Instructions for the task —
Look below for the line with "Korres Lilac Revitalisierendes". Retype it and every line after it to the end, exactly, but leave out the pictures.

*** Source records ***

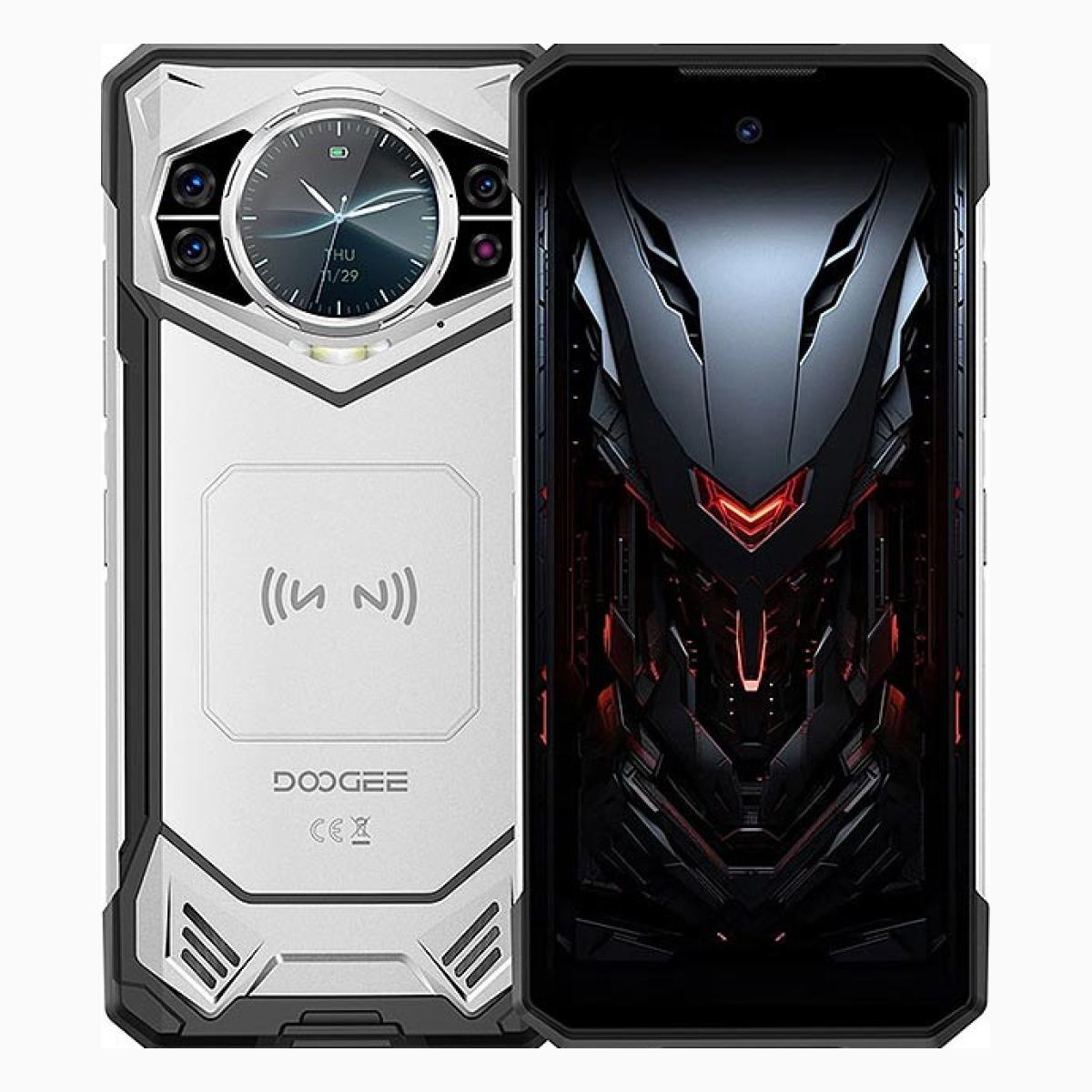 Doogee S200
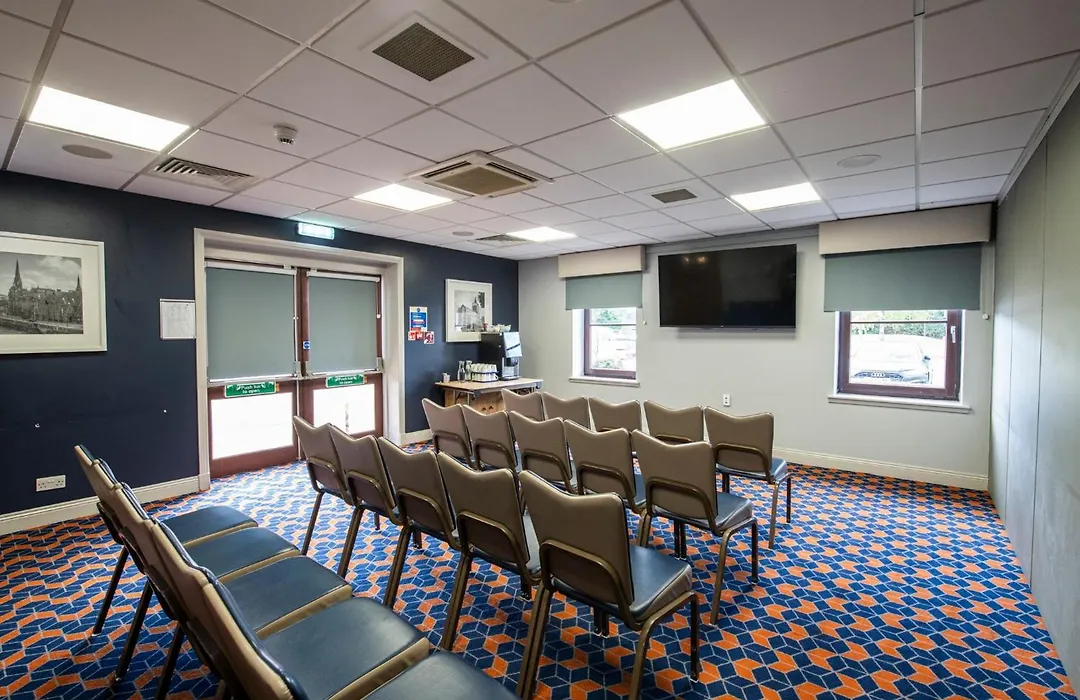 Holiday Inn Express Perth By Ihg-1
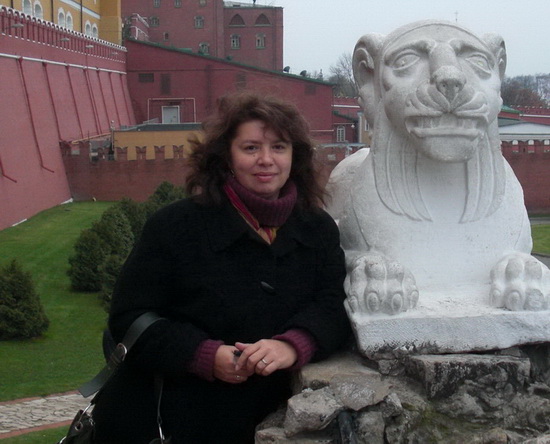 Вита Лаврентьева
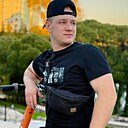 Демьян, 24 лет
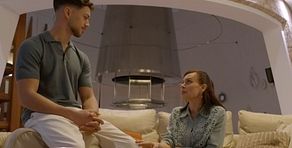 El consejo de la madre de Álex: “Tienes que jugar y disfrutar, pero siempre respetando”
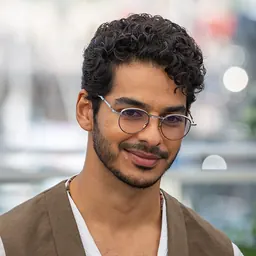 Portrait of Ishaan Khatter
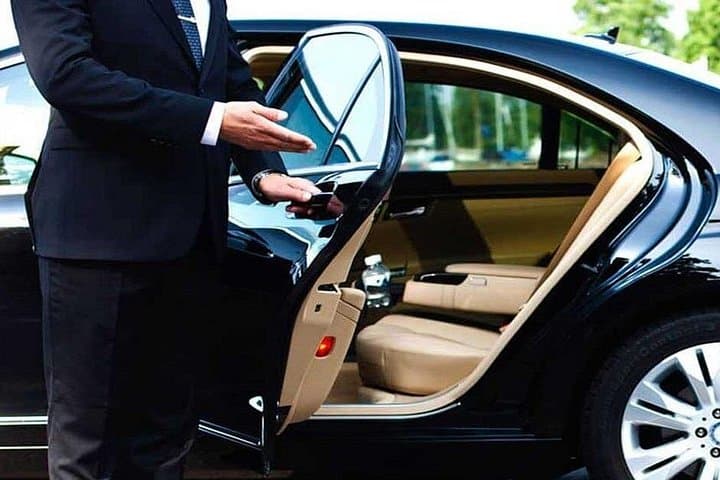 Sedan Private Transfer
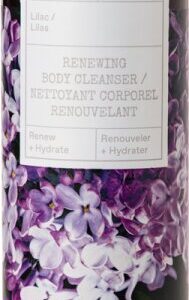 Korres Lilac Revitalisierendes Duschgel 250 ml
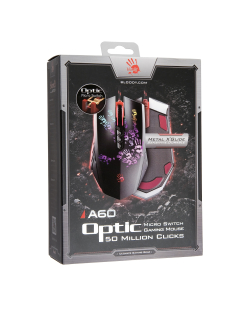 Mysz A4tech Bloody Blazing A60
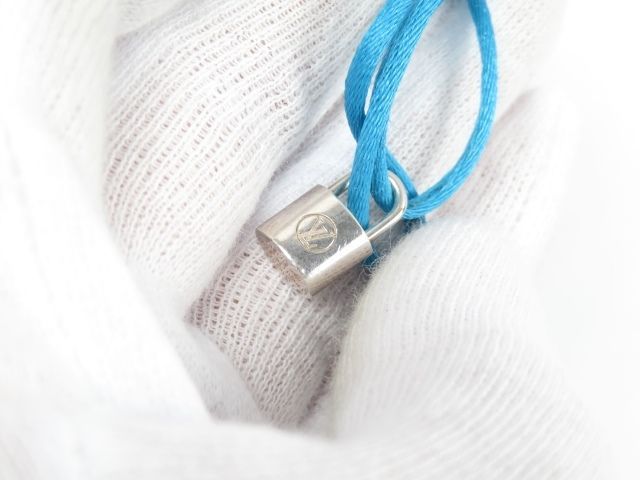 ルイヴィトン ユニセフ シルバー ロックイット ブレスレット Q95590 楽天市場】ルイヴィトン LOUIS VUITTON ブレスレット ブラスレ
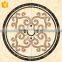 Factory Supply Popular Luxury Marble Waterjet Medallion Tiles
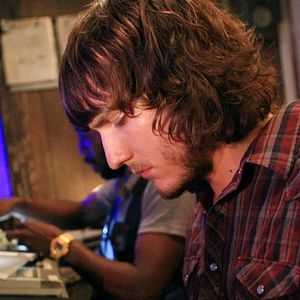 Foto Scott Michael Foster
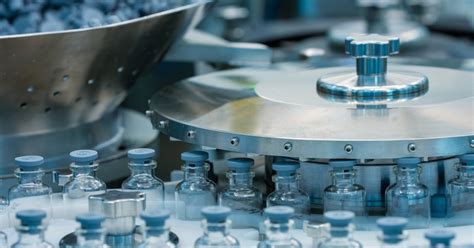 Drug Quality Assurance Inspections Closer To Pre-Pandemic Levels, But ...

*** End of Source records ***

Solution for this exercise —
 Korres Lilac Revitalisierendes Duschgel 250 ml
 Mysz A4tech Bloody Blazing A60
 ルイヴィトン ユニセフ シルバー ロックイット ブレスレット Q95590 楽天市場】ルイヴィトン LOUIS VUITTON ブレスレット ブラスレ
 Factory Supply Popular Luxury Marble Waterjet Medallion Tiles
 Foto Scott Michael Foster
 Drug Quality Assurance Inspections Closer To Pre-Pandemic Levels, But ...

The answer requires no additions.